09-11-2016, 03:50 PM

I'm learning lighting, and noticed that most tutorials use GLM (for good reason I'm sure). GLM apparently uses column major matrices, but in my case I preferred using row major for my own math library.

I'm trying to get the normal matrix of a model for my lighting calculations. A lot of tutorials suggest:

mat3 normalMatrix = transpose(inverse(mat3(model)));

Others suggest taking the upper left 3x3 matrix found within the modelview matrix. I guess in order to remove the translation portion...since we only need the rotation.

If I take my modelview matrix (viewMatrix * modelMatrix), and just take...

// row major

[0][0] to [0][2]

[1][0] to [1][2]

[2][0] to [2][2]

...from my 4x4 modelView matrix, would that essentially be my 3x3 normal matrix that I can send to the GPU?

GClements

09-11-2016, 04:36 PM

GLM apparently uses column major matrices, but in my case I preferred using row major for my own math library.

Note that OpenGL uses column-major matrices unless told otherwise, e.g. with the row_major layout qualifier in GLSL, or setting the transpose parameter to GL_TRUE in glUniformMatrix().

would that essentially be my 3x3 normal matrix that I can send to the GPU?

That would be the top-left 3x3 matrix.

If it isn't orthonormal, you'd still need to find the inverse transpose to use it as a normal matrix. If the matrix is in row-major order, sending it to OpenGL as column-major will perform the transpose implicitly, but you would still need to perform the inversion somewhere.

If it is orthonormal, then you can just use the top-left 3x3 submatrix, or even just use the 4x4 matrix directly to transform normals which have been converted to a vec4 with a zero W component.

Also, note that if the bottom row is [0 0 0 1] (i.e. the matrix doesn't contain any projective component), then the inverse of the top-left 3x3 sub-matrix is the same as taking the top-left 3x3 submatrix of the inverse (i.e. the translation component in the right-hand column won't affect the rotation component when computing the inverse). Inverting a 3x3 matrix is cheaper than a 4x4 matrix, but unless you're doing that a lot, if you already have a 4x4 inverse there's no need to add a 3x3 inverse just for this.

hashbrown

09-11-2016, 08:43 PM

Note that OpenGL uses column-major matrices unless told otherwise, e.g. with the row_major layout qualifier in GLSL, or setting the transpose parameter to GL_TRUE in glUniformMatrix().

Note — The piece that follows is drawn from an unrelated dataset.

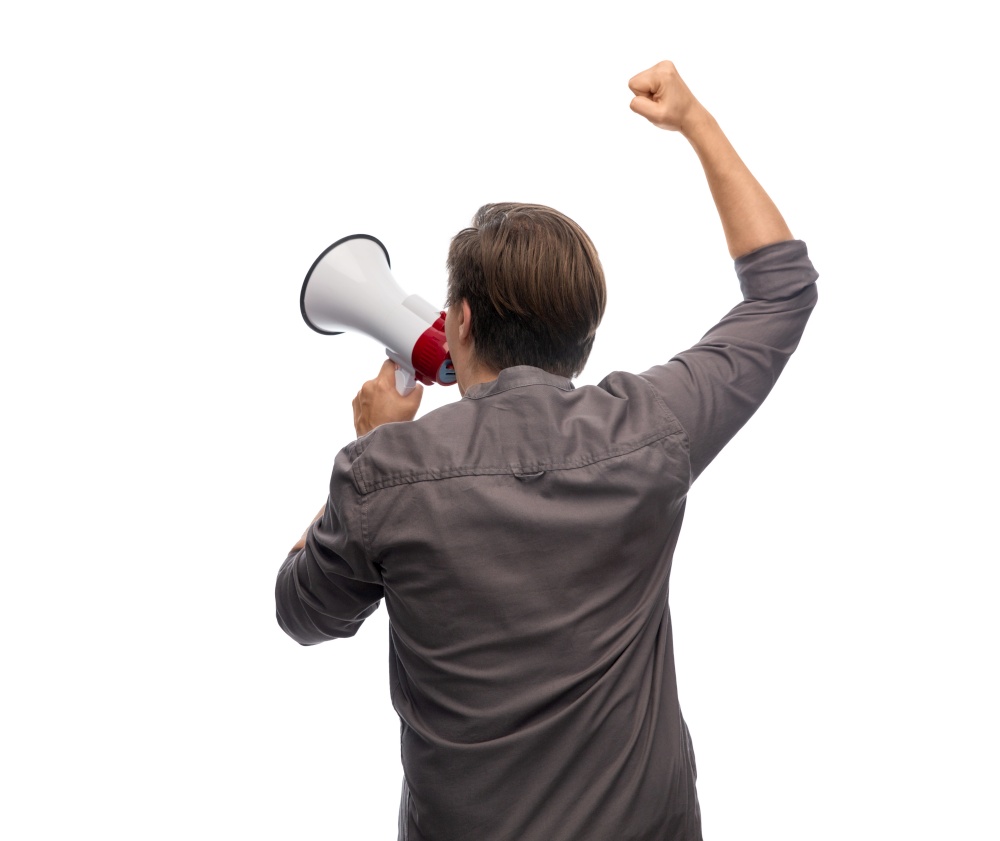 fight and human rights concept - man with megaphone protesting on demonstration over white background. man with megaphone protesting on demonstration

That would be the top-left 3x3 matrix.

If it isn't orthonormal, you'd still need to find the inverse transpose to use it as a normal matrix. If the matrix is in row-major order, sending it to OpenGL as column-major will perform the transpose implicitly, but you would still need to perform the inversion somewhere.

If it is orthonormal, then you can just use the top-left 3x3 submatrix, or even just use the 4x4 matrix directly to transform normals which have been converted to a vec4 with a zero W component.

Also, note that if the bottom row is [0 0 0 1] (i.e. the matrix doesn't contain any projective component), then the inverse of the top-left 3x3 sub-matrix is the same as taking the top-left 3x3 submatrix of the inverse (i.e. the translation component in the right-hand column won't affect the rotation component when computing the inverse). Inverting a 3x3 matrix is cheaper than a 4x4 matrix, but unless you're doing that a lot, if you already have a 4x4 inverse there's no need to add a 3x3 inverse just for this.

Thanks you for the answer.

I actually did set the transpose option in glUniformMatrix to true. I also looked at model view matrix, and the last row has 0, 0, 0 ,1. So it doesn't contain perspective component.

I'm sorry about the following stupid question, but how do I know if my modelview matrix is orthonormal? I've looked up lots of articles before replying, but I still don't know how to find that out. I imagine one of the features of an orthonormal mat would be containing normalized values.

The most I found on Google was: if I multiply the modelview matrix with the its transposed self...if it's orthonormal: you get the identity matrix. Not sure if I got my facts straight, but if I did... my modelview matrix is not orthonormal. So in that case I'd have to invert and transpose the modelview matrix?

Silence

09-12-2016, 01:00 AM

Orthonormal means that all axis vectors are perpendicular to the other ones, and that all their length is equal to 1.

This generally means that you don't perform any scalings (so their length remain the same).

For the perpendicularity, this is more hard to ensure, but this is generally the case if you use some LookAt routines (one is deduced from the 2 previous ones with a cross product), or do rotations logically (if you rotate around one axis, the 2 others need to be rotated with the same angle).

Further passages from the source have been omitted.